Take a look at our video to see the lengths we go to when testing tents. 

How we tested these pop up tents

We selected 10 of the UK's bestselling pop up tents, available from major retailers such as Amazon, Argos, Decathlon and Halfords. We also factored in how sought after these tents are online in our selections.

We bought every pop up tent we tested and don't accept freebies, so you can be sure our reviews are independent and neutral.

Pitching and collapsing

Pop up tents are all about convenience, so getting them up and down in good time and without frustration is a key part of what makes them good or bad.

After a couple of practice runs to familiarise ourselves with each tent, we timed how long it took us to pitch each one, including the time it took to peg out the tent and the guy ropes.

We then separately timed collapsing and packing away each tent into the carry bag it came with, noting how straightforward it was and any difficulties we faced.

Ease of use

Once your tent is up you'll also want a comfortable experience without fumbling with shoddy door zips or frowning at air vents that won't stay open.

We gave each tent an ease of use appraisal, looking for those little annoyances you find with tents all too often - zips that catch the canvas and get stuck, vents that won't stay open to keep the air circulation going and storage pockets that rip easily.

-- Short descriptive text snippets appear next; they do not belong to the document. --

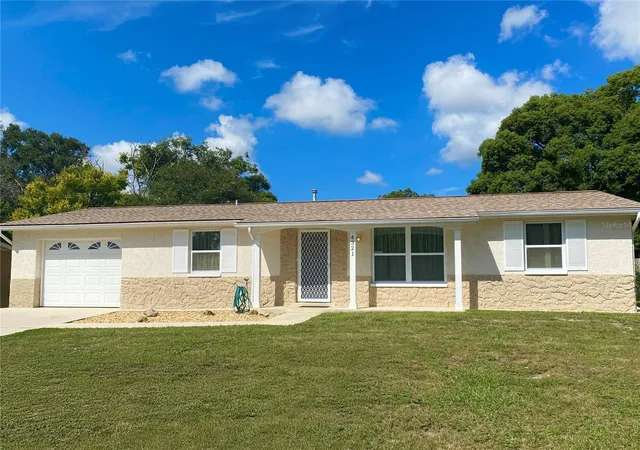 Photo 1 of Single family home for sale at 4321 Peacock Rd, Spring Hill, FL 34608 | MLS# S5156480 | Listing updated on 2026-09-01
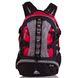 Сучасний чоловічий рюкзак ONEPOLAR W1003-red, Червоний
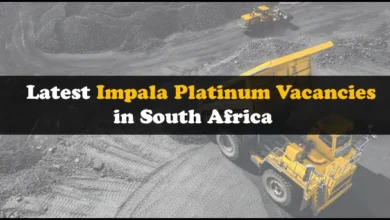 Impala Platinum Vacancies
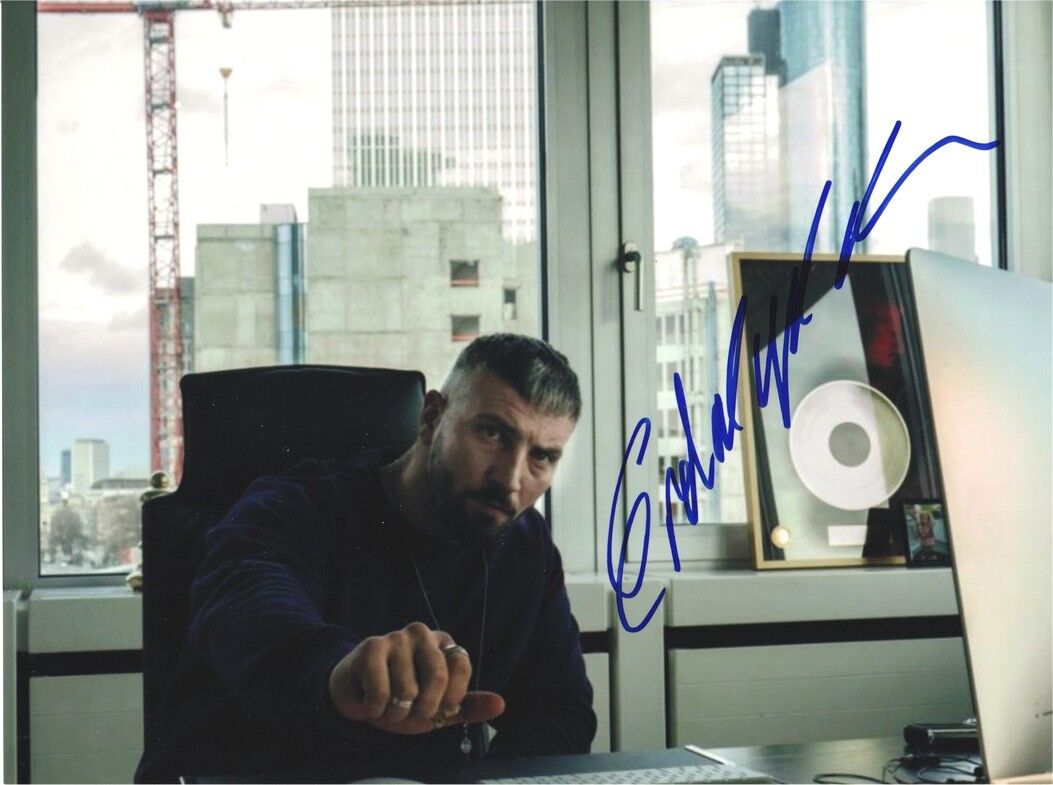 Autogramm Film | Erdal YILDIZ | 2019 Foto (Portrait Color XL) "Skylines"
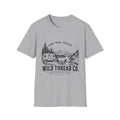 Camp Roam And Explore T Shirt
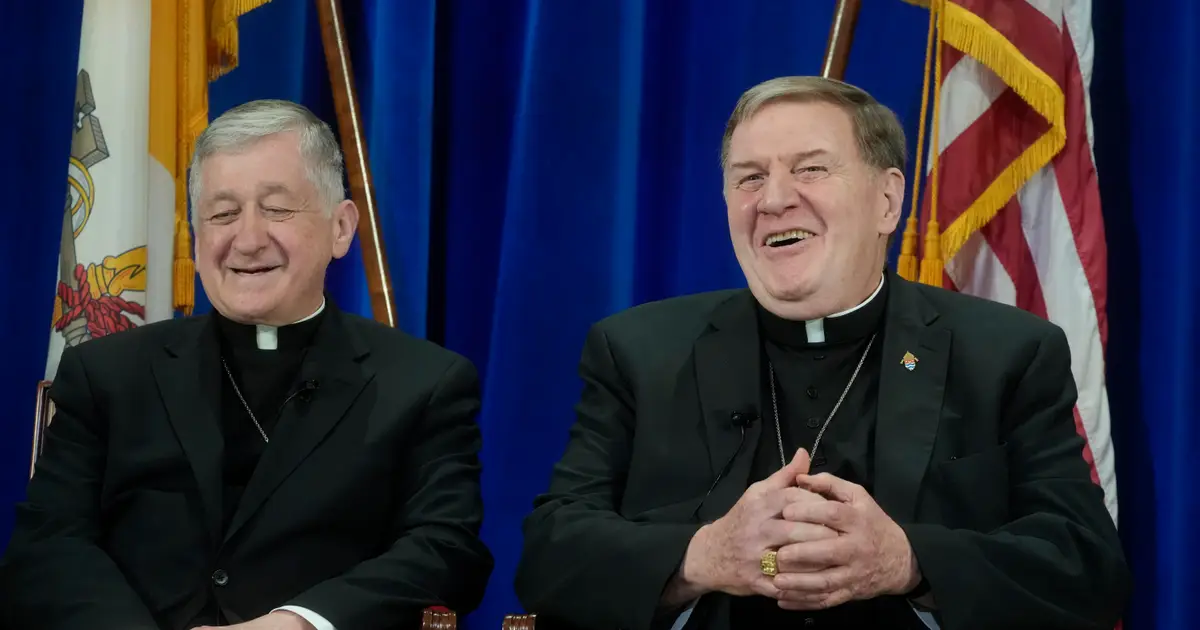 Top U . S . archbishops denounce American foreign policy
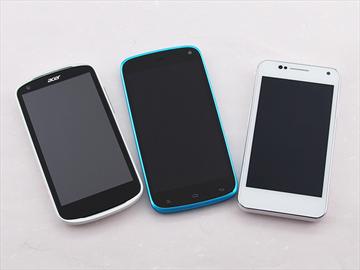 雙卡智慧型手機 狂潮即將引爆！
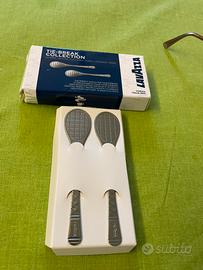 Cucchiaini Tie break Lavazza
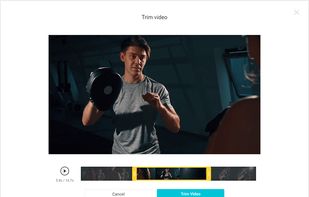 FlexClip screenshot 2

We also left each tent up for three days to see if any longer term ease of use issues arose, such as the need to re-peg the tent or any deterioration in the zips or seams.

Rain resistance

A tent can be easy to pitch and pack away and a dream to use, but that amounts to little if it won't keep you dry when the rain hits.

We had initially planned to simulate light, medium and heavy rainfall using sprinklers, but when we set up the tests the British weather gave us three heavy, thundery downpours right on cue. This put every pop up tent through a tough, real-life scenario.

On the morning of each day we inspected each tent to see if any rainwater had crept inside to the sleeping area, and checked how damp the inside ceiling had become due to condensation.

As you can see from the image above, some tents ended up with puddles inside.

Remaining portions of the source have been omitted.